▸ PROBLEM
Retype the records below from their first line through the line containing "Lenovo ThinkPad W540", and include nothing else.
=== Section Start ===
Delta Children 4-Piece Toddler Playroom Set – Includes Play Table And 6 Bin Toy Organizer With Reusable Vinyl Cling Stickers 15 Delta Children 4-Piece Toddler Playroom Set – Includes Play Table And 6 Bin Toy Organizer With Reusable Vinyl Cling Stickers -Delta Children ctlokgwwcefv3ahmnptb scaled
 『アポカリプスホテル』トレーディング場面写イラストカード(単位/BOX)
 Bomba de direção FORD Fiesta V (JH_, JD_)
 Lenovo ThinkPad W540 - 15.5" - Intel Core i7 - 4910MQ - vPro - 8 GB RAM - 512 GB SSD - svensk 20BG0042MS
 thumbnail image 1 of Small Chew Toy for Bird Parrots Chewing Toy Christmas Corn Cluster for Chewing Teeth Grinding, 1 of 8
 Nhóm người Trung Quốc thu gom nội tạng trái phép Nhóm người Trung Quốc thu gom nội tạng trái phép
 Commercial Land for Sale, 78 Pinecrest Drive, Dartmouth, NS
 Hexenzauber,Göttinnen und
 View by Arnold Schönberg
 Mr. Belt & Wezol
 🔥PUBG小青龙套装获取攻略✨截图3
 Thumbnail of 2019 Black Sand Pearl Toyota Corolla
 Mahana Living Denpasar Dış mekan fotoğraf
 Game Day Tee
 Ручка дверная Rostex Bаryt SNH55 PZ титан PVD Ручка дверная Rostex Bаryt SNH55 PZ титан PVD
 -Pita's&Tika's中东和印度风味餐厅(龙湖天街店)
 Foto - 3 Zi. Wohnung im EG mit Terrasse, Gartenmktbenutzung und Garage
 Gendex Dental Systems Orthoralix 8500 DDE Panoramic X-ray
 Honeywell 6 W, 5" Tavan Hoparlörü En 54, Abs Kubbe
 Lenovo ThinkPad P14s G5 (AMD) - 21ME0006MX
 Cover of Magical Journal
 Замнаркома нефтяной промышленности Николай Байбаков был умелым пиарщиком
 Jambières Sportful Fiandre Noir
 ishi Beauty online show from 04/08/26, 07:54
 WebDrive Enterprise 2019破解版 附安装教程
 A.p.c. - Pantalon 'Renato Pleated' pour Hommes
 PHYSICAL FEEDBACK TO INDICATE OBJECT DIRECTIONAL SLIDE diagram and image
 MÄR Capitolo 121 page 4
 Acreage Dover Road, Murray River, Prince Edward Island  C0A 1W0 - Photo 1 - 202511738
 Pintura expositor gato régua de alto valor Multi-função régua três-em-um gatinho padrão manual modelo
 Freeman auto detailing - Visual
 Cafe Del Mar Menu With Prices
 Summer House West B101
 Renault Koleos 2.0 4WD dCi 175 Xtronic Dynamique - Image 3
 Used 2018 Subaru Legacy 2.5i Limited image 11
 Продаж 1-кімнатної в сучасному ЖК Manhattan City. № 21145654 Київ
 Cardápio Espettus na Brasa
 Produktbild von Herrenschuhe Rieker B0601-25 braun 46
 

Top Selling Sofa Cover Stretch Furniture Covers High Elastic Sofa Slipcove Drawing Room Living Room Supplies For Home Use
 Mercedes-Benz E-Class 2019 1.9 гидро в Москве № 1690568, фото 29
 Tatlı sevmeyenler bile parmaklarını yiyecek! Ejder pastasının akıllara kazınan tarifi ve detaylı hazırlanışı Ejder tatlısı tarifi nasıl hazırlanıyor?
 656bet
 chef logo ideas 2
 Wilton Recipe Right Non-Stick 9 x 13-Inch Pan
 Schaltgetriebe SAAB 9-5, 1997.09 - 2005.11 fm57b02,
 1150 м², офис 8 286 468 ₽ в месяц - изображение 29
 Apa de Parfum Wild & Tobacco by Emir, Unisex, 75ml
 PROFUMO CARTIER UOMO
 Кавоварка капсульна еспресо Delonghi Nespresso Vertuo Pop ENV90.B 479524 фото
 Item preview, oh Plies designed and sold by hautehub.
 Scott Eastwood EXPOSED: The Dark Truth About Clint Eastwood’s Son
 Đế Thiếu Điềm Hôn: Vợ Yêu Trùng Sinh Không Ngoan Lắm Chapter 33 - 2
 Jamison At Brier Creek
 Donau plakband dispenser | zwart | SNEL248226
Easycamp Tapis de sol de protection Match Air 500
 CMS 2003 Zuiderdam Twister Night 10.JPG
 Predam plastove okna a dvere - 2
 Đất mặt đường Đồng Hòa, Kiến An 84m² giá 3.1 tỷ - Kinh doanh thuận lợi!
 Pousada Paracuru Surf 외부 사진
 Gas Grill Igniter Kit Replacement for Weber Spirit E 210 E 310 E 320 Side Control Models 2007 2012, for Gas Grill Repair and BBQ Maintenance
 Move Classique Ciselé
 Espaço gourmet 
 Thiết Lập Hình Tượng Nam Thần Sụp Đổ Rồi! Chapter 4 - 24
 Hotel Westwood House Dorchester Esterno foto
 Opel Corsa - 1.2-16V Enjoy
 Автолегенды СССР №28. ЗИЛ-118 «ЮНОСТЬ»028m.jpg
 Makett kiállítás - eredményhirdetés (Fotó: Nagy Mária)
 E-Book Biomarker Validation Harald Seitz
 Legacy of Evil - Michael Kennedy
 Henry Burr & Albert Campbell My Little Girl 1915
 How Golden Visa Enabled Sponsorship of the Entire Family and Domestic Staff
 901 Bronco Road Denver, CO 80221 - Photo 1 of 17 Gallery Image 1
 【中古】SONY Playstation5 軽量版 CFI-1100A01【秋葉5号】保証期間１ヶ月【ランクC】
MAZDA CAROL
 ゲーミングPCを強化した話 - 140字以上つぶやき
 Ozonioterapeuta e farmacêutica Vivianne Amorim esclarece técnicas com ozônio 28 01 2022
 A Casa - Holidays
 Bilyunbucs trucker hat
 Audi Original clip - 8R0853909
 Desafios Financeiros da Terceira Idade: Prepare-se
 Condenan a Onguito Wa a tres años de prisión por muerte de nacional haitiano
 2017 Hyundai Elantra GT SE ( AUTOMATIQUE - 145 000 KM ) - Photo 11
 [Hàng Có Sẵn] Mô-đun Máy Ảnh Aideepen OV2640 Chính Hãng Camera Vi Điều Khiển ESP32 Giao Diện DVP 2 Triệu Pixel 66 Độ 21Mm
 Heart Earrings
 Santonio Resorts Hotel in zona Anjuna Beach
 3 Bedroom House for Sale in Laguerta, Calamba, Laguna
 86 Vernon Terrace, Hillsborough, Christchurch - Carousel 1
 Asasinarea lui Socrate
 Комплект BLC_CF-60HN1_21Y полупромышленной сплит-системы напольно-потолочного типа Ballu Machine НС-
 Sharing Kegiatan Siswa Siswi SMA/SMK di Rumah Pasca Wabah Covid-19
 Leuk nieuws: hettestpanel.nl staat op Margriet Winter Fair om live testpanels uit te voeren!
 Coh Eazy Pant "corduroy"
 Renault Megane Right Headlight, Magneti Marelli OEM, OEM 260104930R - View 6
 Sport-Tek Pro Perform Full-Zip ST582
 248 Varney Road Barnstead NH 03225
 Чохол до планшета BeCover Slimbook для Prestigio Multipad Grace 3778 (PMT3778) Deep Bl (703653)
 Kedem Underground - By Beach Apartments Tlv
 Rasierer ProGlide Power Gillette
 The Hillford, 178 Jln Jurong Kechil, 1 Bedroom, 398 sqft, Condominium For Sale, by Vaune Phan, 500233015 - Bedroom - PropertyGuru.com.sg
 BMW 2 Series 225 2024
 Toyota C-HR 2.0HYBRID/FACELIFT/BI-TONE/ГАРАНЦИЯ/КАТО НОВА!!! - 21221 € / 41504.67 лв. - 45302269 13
=== Section End ===
▸ RESPONSE FOR THIS EXERCISE
Delta Children 4-Piece Toddler Playroom Set – Includes Play Table And 6 Bin Toy Organizer With Reusable Vinyl Cling Stickers 15 Delta Children 4-Piece Toddler Playroom Set – Includes Play Table And 6 Bin Toy Organizer With Reusable Vinyl Cling Stickers -Delta Children ctlokgwwcefv3ahmnptb scaled
 『アポカリプスホテル』トレーディング場面写イラストカード(単位/BOX)
 Bomba de direção FORD Fiesta V (JH_, JD_)
 Lenovo ThinkPad W540 - 15.5" - Intel Core i7 - 4910MQ - vPro - 8 GB RAM - 512 GB SSD - svensk 20BG0042MS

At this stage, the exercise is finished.